In the first two books of poems (“Evening Album” and “Magic Lantern”) and the poem “The Enchanter”, Marina Tsvetaeva carefully describes home life (nursery, “halls”, mirrors and portraits), walks on the boulevard, reading, playing music, relationships with mother and sister imitate the diary of a schoolgirl, who, in this atmosphere of a “childish” sentimental fairy tale, grows up and joins the poetic. Confessional, diary orientation is accentuated by the dedication of the "Evening Album" to the memory of Maria Bashkirtseva. Maria Bashkirtseva is a Russian artist who wrote the book "Diary" in French. In the poem "On a Red Horse" the story of the poet's formation takes the form of a romantic fairy-tale ballad.

Poetic world and myth

In the next books "Milestones" and "Craft", revealing the creative maturity of Tsvetaeva, the focus on the diary and fairy tale is preserved, but already transforming into a part of an individual poetic myth. In the center of cycles of poems addressed to contemporary poets Alexander Blok, Anna Akhmatova, Sofia Parnok, dedicated to historical figures or literary heroes- Marina Mnishek, Don Giovanni and others - a romantic person who cannot be understood by contemporaries and descendants, but does not seek primitive understanding, philistine sympathy either. Tsvetaeva, identifying herself with her characters to a certain extent, endows them with the possibility of life outside of real spaces and times, the tragedy of their earthly existence is compensated by belonging to the upper world soul, love, poetry. The world of these poems is largely illusory. But at the same time, the elasticity of the poetic line is growing stronger, the range of speech intonations that reveal the truth of feelings is expanding, the desire for a concise, concise and expressive manner is clearly felt, where everything is clear, precise, swift in rhythm, but at the same time deeply lyrical. The brightness and unusualness of metaphors, the accuracy and expressiveness of the epithet, the diversity and flexibility of intonations, the richness of rhythm - such is the original style of the young Tsvetaeva.

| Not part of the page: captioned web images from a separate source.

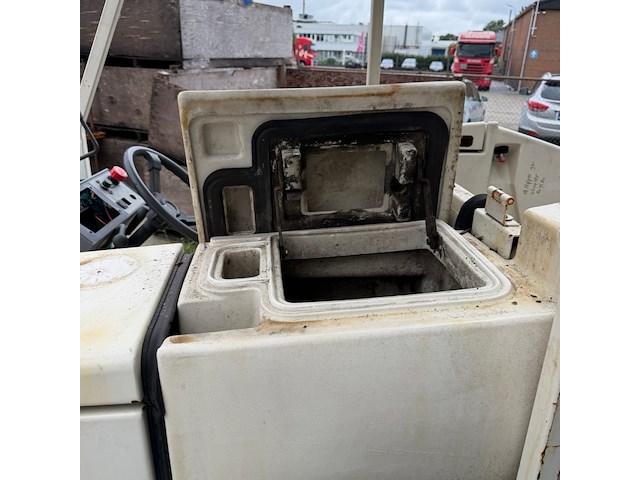Opzit schrob- veegmachine, tennant, 8300, wit/groen - afbeelding 8 van  9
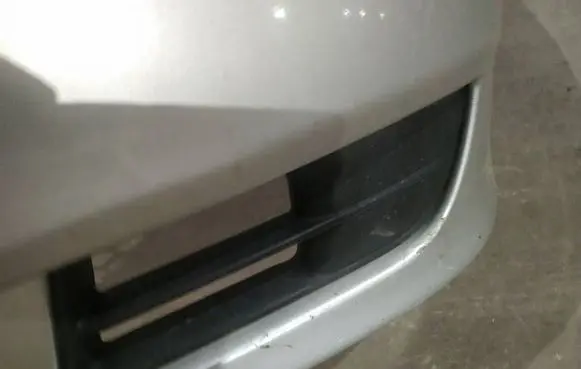 Toyota Corolla Verso AR10 Front bumper lower grill 
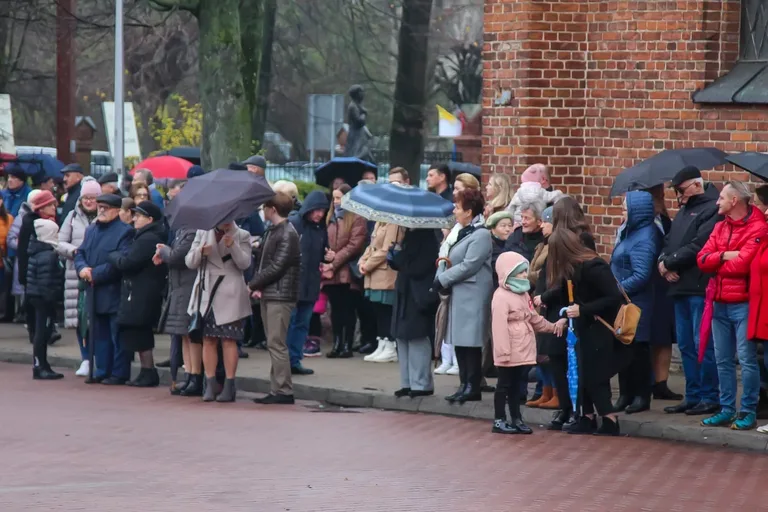 Płomień patriotyzmu płonął jasno podczas Obchodów Narodowego Święta Niepodległości w Ostrowi Mazowieckiej (zdjęcia)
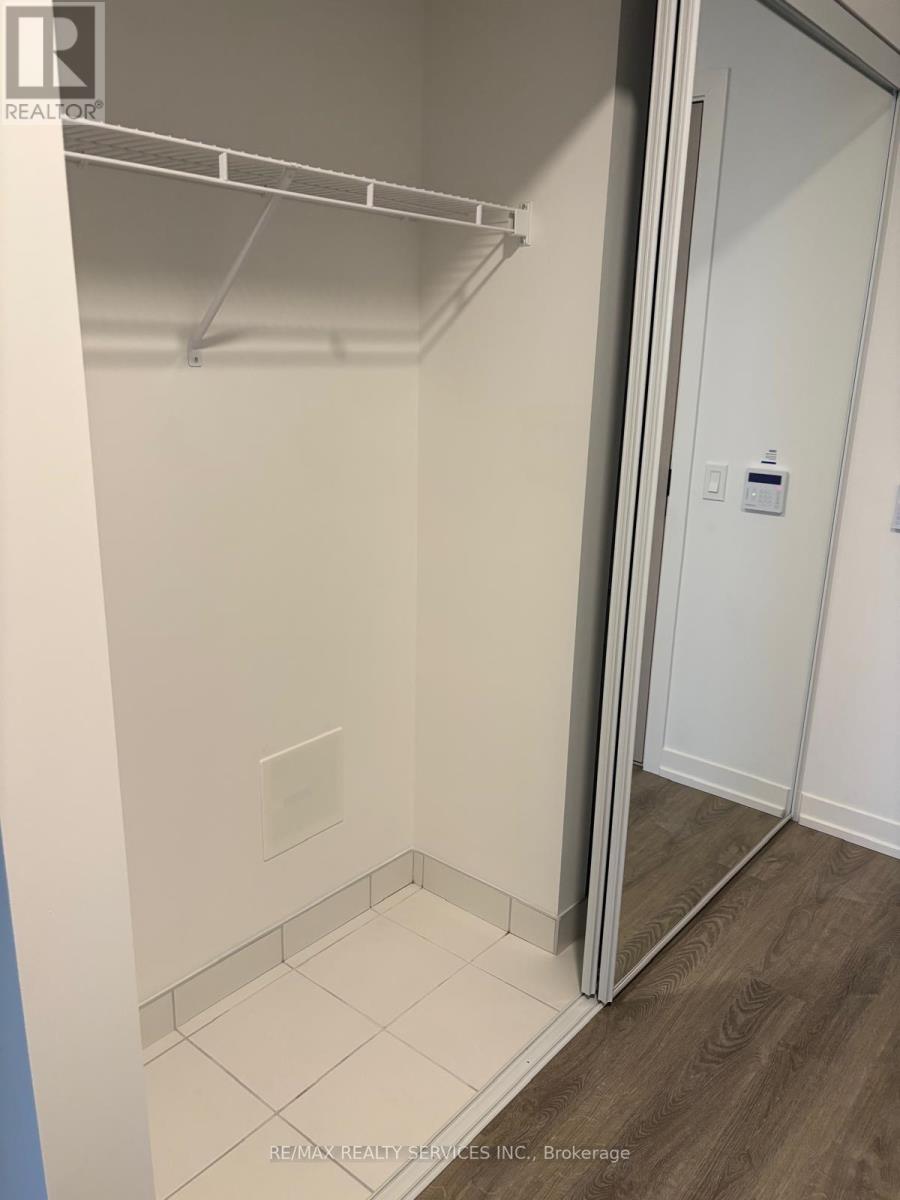 509 - 8 Interchange Way, Vaughan, Ontario  L4K 5Z7 - Photo 6 - N12517378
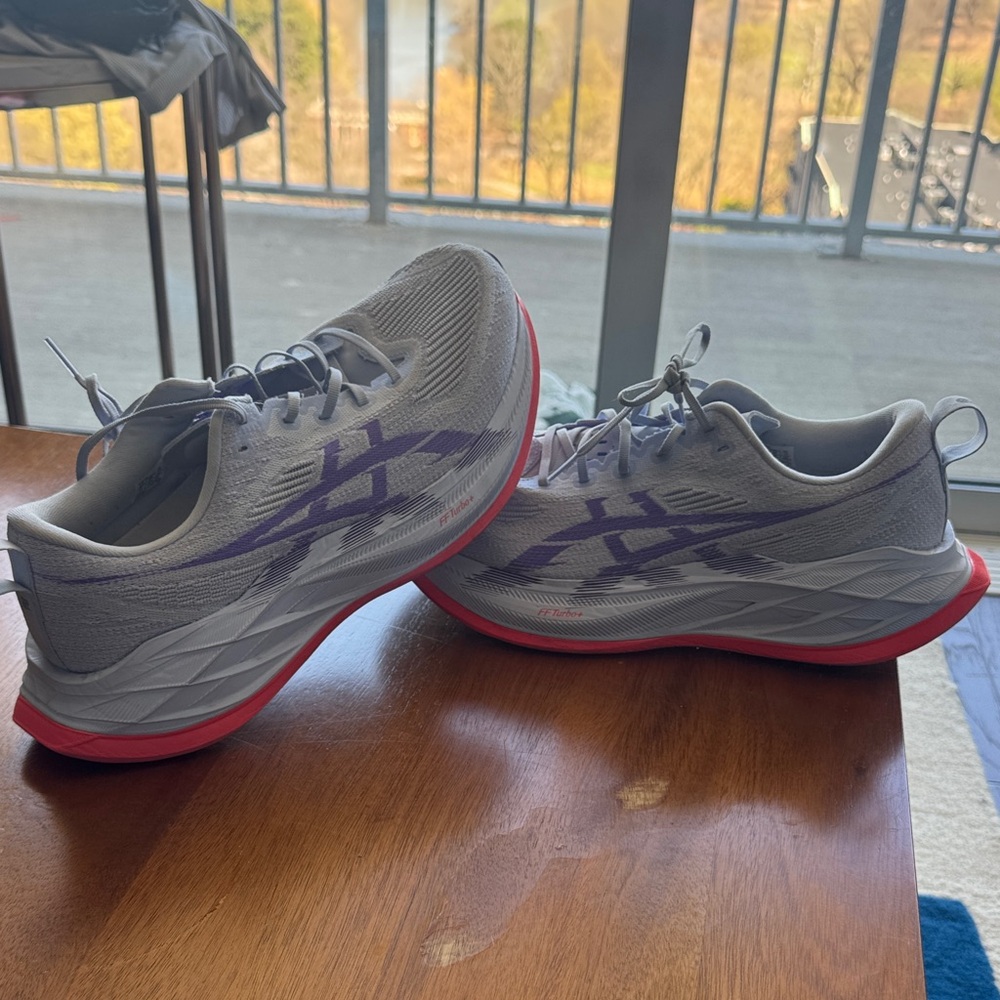 Asics Superblast 2 (like new)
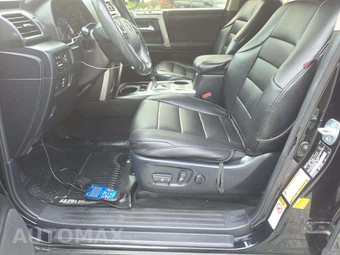 2019 Toyota 4Runner SR5 - miniatura 3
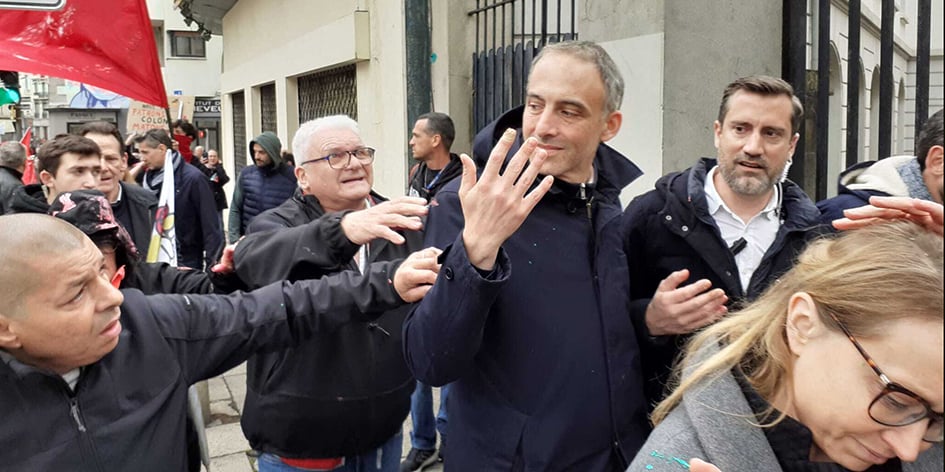 À Saint-Étienne, Raphaël Glucksmann est exfiltré du cortège du 1er-Mai.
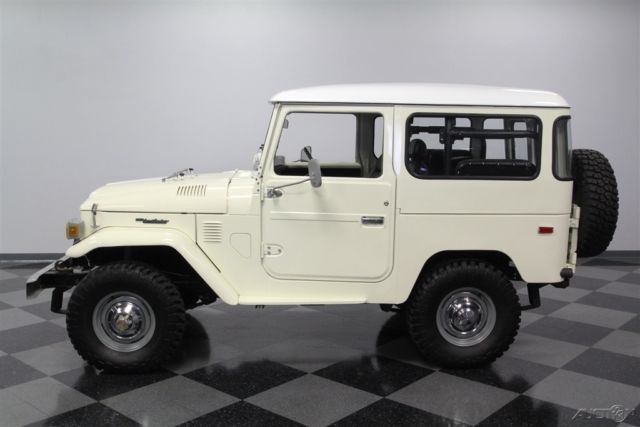 1976 White Toyota FJ40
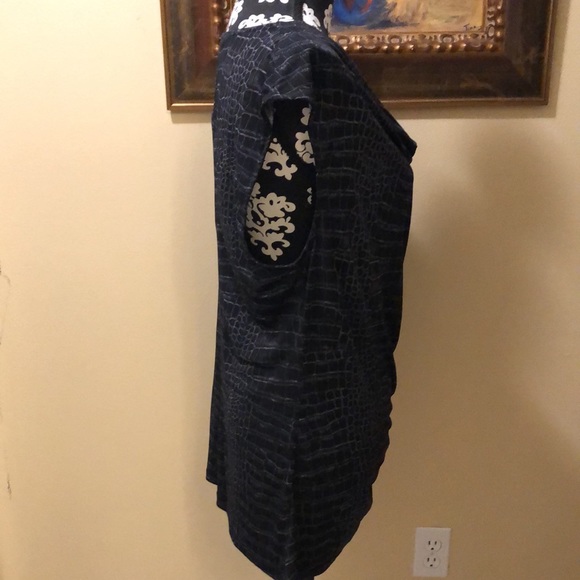 Michael Kors Cowl neck sleeveless top, scrunched left side detail, mk logo plate - Picture 4 of 10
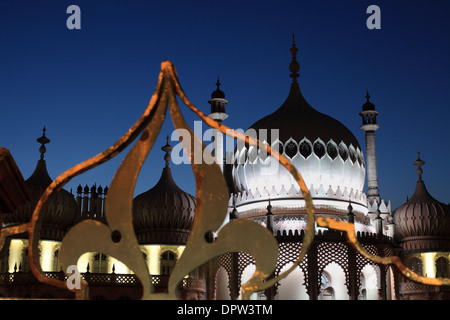 Ein "Zwiebelturm" Motiv in ornamentalen Schmiedearbeiten außerhalb Brighton Pavilion integriert. Stockfoto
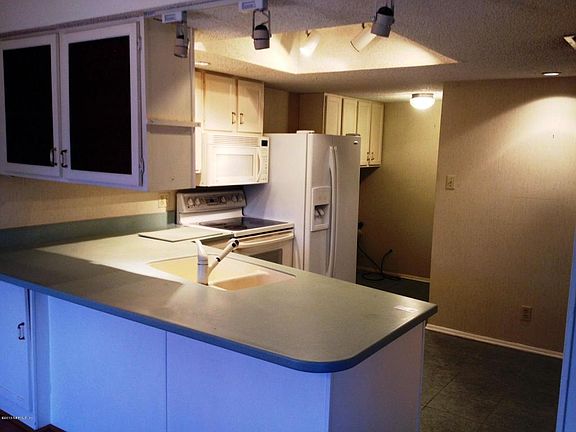 5th image of 6145 Lake Tahoe Dr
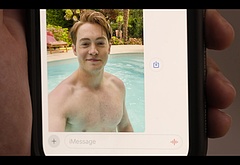 Kit Connor nude and gay sex scenes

One of the important images of this period of Tsvetaeva's work is the image Ancient Rus'. It appears as the element of riot, self-will, unbridled revelry of the soul. There is an image of a woman devoted to rebellion, autocratically surrendering to the whims of her heart, in selfless daring, as if escaping to freedom from the age-old oppression weighing on her. Her love is self-willed, does not tolerate any barriers, is full of audacity and strength. She is either the archer of the Zamoskvoretsky riots, or the fortune teller-princess, or the wanderer distant roads, then a member of robber bands, then almost the noblewoman Morozova. Her Rus' sings, wails, dances, prays and blasphemes to the full extent of Russian irrepressible nature.

"After Russia"

The romantic motifs of rejection, homelessness, sympathy for the persecuted, characteristic of Tsvetaeva's lyrics, are supported by the real circumstances of the poetess's life. In 1912, Marina Tsvetaeva marries Sergei Yakovlevich Efron. In 1918-1922, together with her young children, she is in revolutionary Moscow, while her husband Sergei Yakovlevich Efron is fighting in the White Army in the Crimea (poems 1917-1921, full of sympathy white movement, made up the cycle "Swan camp"). But then he became disillusioned with the white movement, broke with it and became a student at the university in Prague. In May 1922, Tsvetaeva was allowed to go abroad to her husband with her daughter. From that time, Marina's emigrant existence began (a short stay in Berlin, then three years in Prague, and from November 1925 in Paris). This time was marked by a constant lack of money, everyday disorder, difficult relations with the Russian emigration, and the growing hostility of criticism. Emigration was the most difficult test for the poetess, because she did not want to go in the common alignment of the majority of her compatriots: she did not publicly denigrate the revolution, and glorified her native Russia in every possible way. “Everyone here mocks me fiercely, playing on my pride, my need and my lack of rights (there is no protection), she wrote, you can’t imagine the poverty in which I live, but I have no means of living, except for writing. The husband is sick and unable to work. Beanie's daughter earns 5 francs per day, the four of us (I have a son of 8 years old, Georgy) live, that is, we are just slowly dying of hunger ... I don’t know how much I still have to live, I don’t know if I will ever be in Russia again, but I know that I will write strongly to the last line, that I will not give weak verses.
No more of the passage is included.